GM Regulation in India- A story of shame
While every recommendation by the Committee is ground breaking for the GM debate in India and possibly around the world, the thing that strikes me most and also should be a wakeup call for the government, is the serious gaps in the regulatory mechanism for GM crops in the country. The regulatory process is what will instil confidence in the people about any technology, especially one that is controversial as GM in food and farming. The report has evidently exposed the actions of the GEAC, which has failed in its mandate to ensure the safety of the environment, human health, food and feed of the country. The actions of the GEAC convey its strong inclination to benefit the industry, one of the instances that the committee points out to substantiate it is the inaction to the concerns raised on anti-biotic resistant genes put in GM crops, including Bt cotton and Bt brinjal, even after accepting that there is a risk in using them. This only goes to show that the GEAC behaves like a vendor for the Department of Biotechnology and the Biotechnology Industry and not a regulator who the public can trust.
Since the inadequacies in the GEAC lead current regulatory system were evident during the Bt brinjal debate, one would expect that the new regulatory mechanism that is proposed by the Union Government would take into account these flaws. But the proposed Biotechnology Regulatory Authority of India (BRAI) Bill is much worse. The BRAI Bill that the Ministry of Science and Technology has been pushing since the last two years, among its many flaws, lacks an independent long-term bio safety testing, need assessment of products of modern biotechnology, transparency, public participation in decision making and deterrent liability mechanisms to prevent callous acts of the developers of such risky technologies. It basically acts as a single window clearance system that will lower the bar for GM crop approvals. It also fails to keep up the countries' commitment to international treaties like the Convention on Biodiversity (CBD), Cartagena Protocol on Bio safety and the Nagoya Protocol which we are signatory to.
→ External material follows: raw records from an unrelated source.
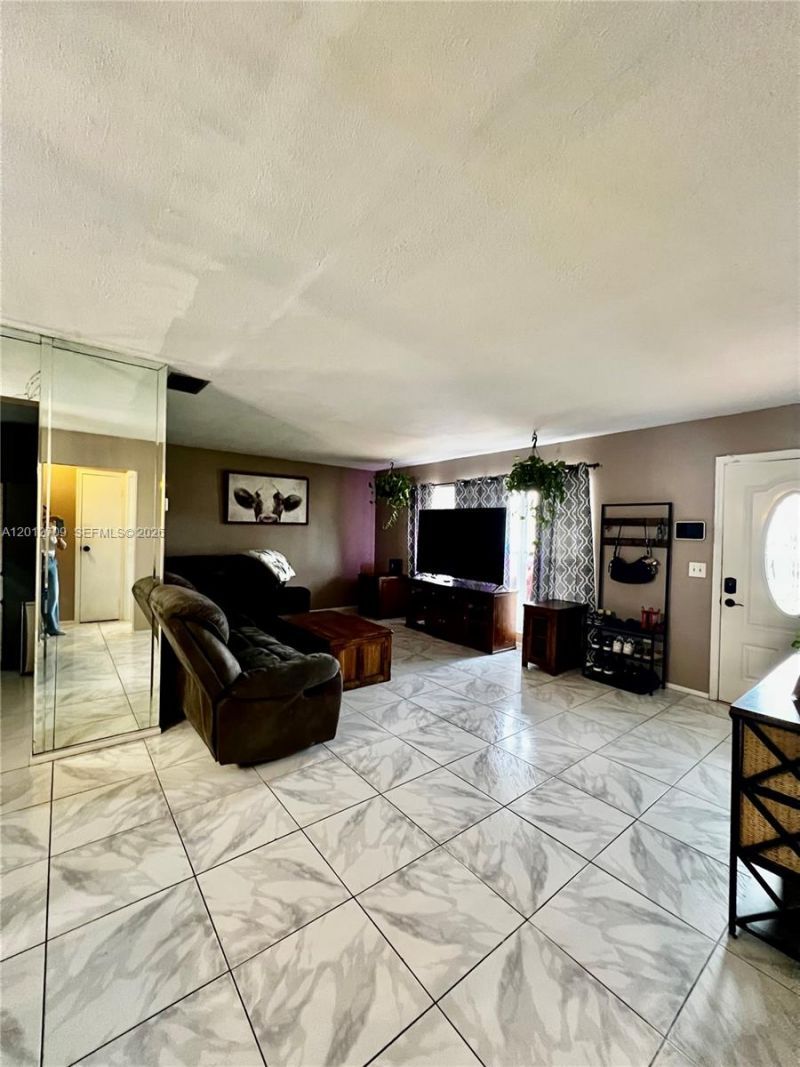 8350 NW 27th Pl , Sunrise, FL 33322 Photo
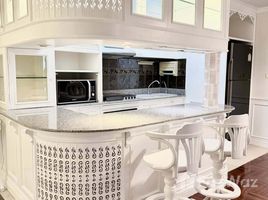 อพาร์ทเม้นท์ 2 ห้องนอน ให้เช่า ในโครงการ ลาส โคลินาส, คลองเตยเหนือ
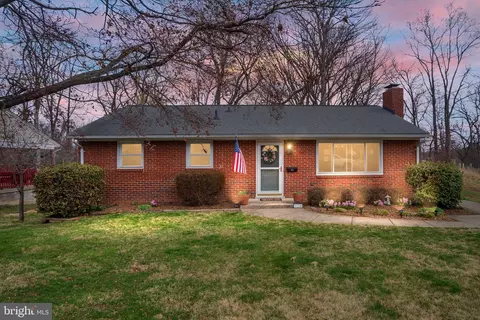 6714 Ruskin St, Springfield, VA 22150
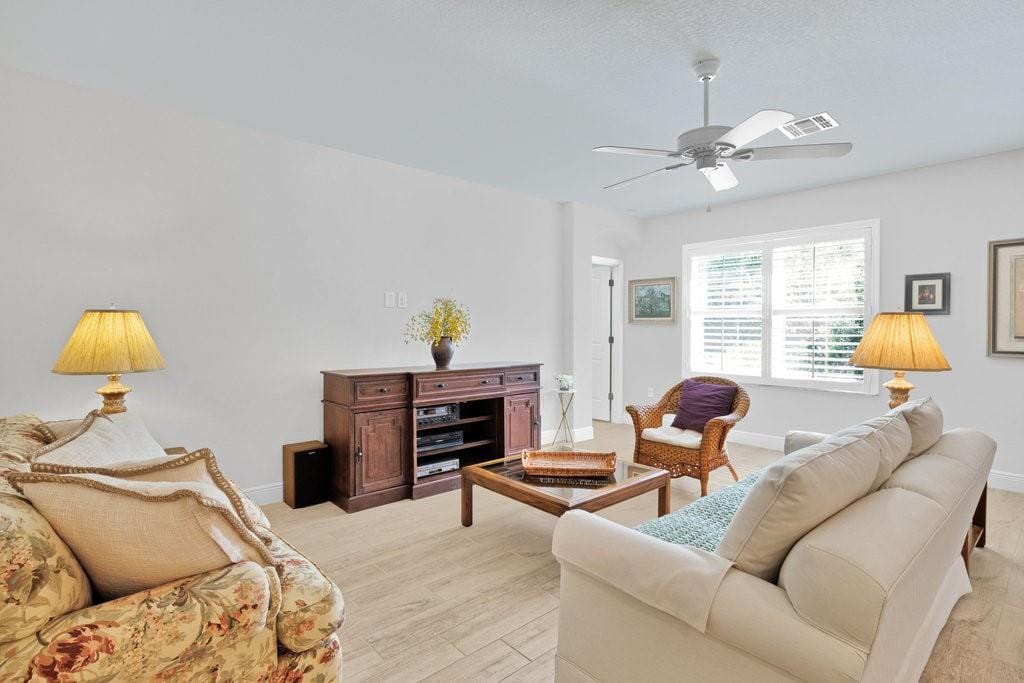 5949 Buttonwood Square, Vero Beach, FL 32966 photo 9
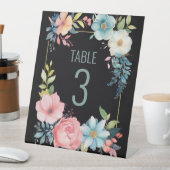 Schöne farbenfrohe Hochzeit der Flora Sockelschild (In Situ)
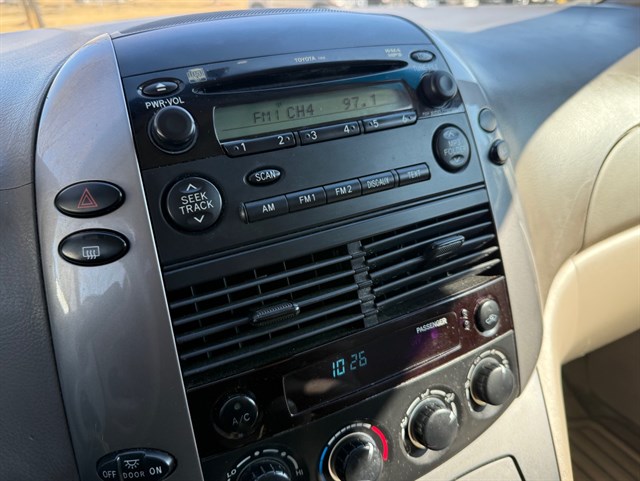 2006 TOYOTA SIENNA - Image 29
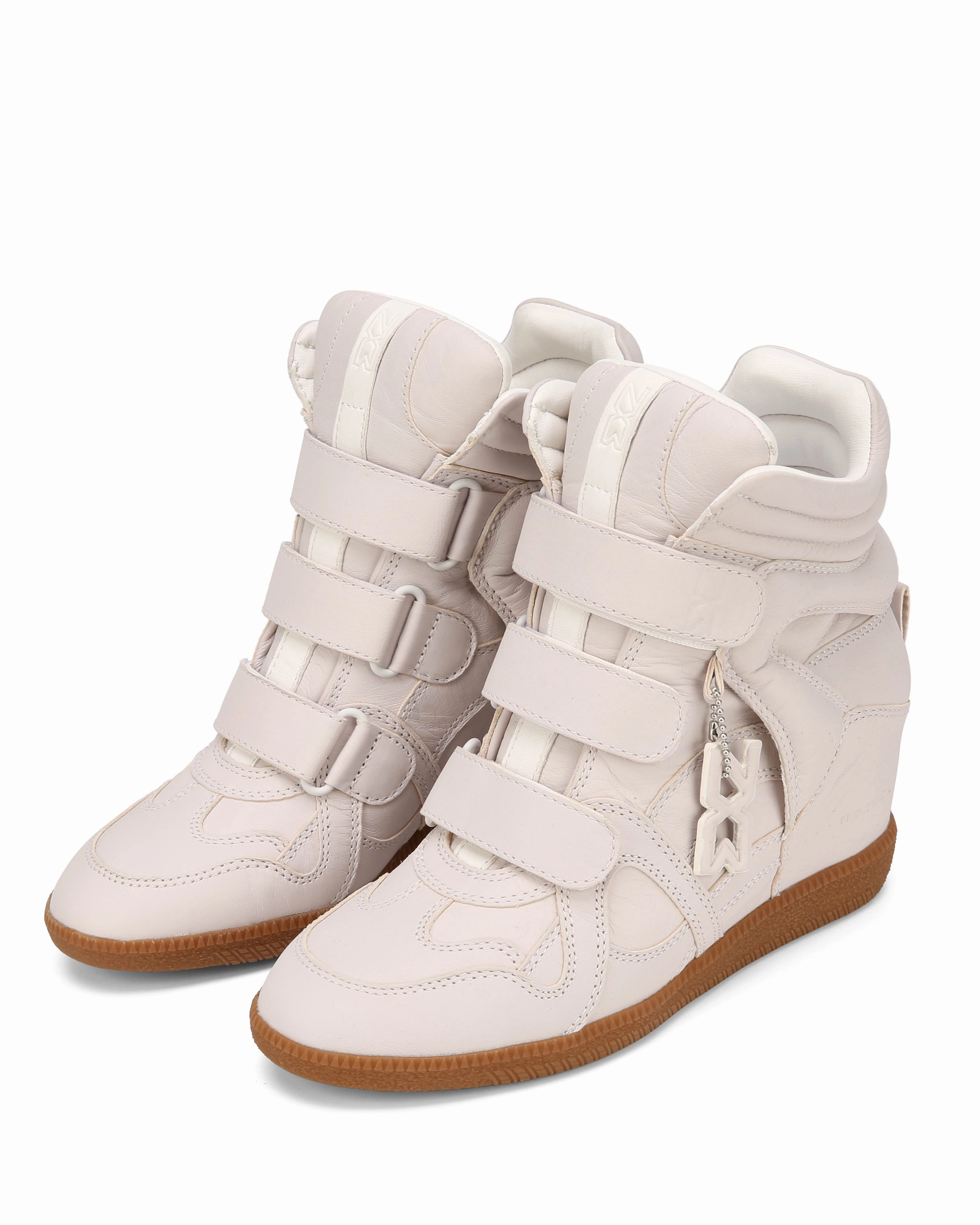 Torsional Rigidity System Casual Footwear Demmi White Leather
This is also pointed out by the Committee, that while we are signatories to these conventions and treaties dealing with Genetically Modified Organisms, we do not have the necessary expertise, infrastructure to ensure our compliance. The Committee feels very strongly that the current BRAI proposals to regulate biotechnology is too small a focus in the vast canvas of biodiversity, environment, human and livestock health and other such related issues. They have therefore, recommended an all encompassing Bio-Safety Protection Authority instead.
Our GM regulation a cause of Embarrassment at CBD
The Committee report comes at a time when India will be hosting the Convention on Biological Diversity at Hyderabad in October 2012, this also happens to be the year of the 20th anniversary of Rio Earth Summit. An existing regulatory system which has been found wanting in intention and action and a proposed one which is lousier, puts India in a very unenviable position as a host country for a global convention which calls for utmost precaution while dealing with genetically modified organisms. It’s high time that the Indian Government gets its act together. The first step would be a democratic process consulting various stakeholders to shape up a bio safety protection act which will have the precautionary approach as its guiding principle.
Neha Saigal is a campaigner for sustainable agriculture with Greenpeace India.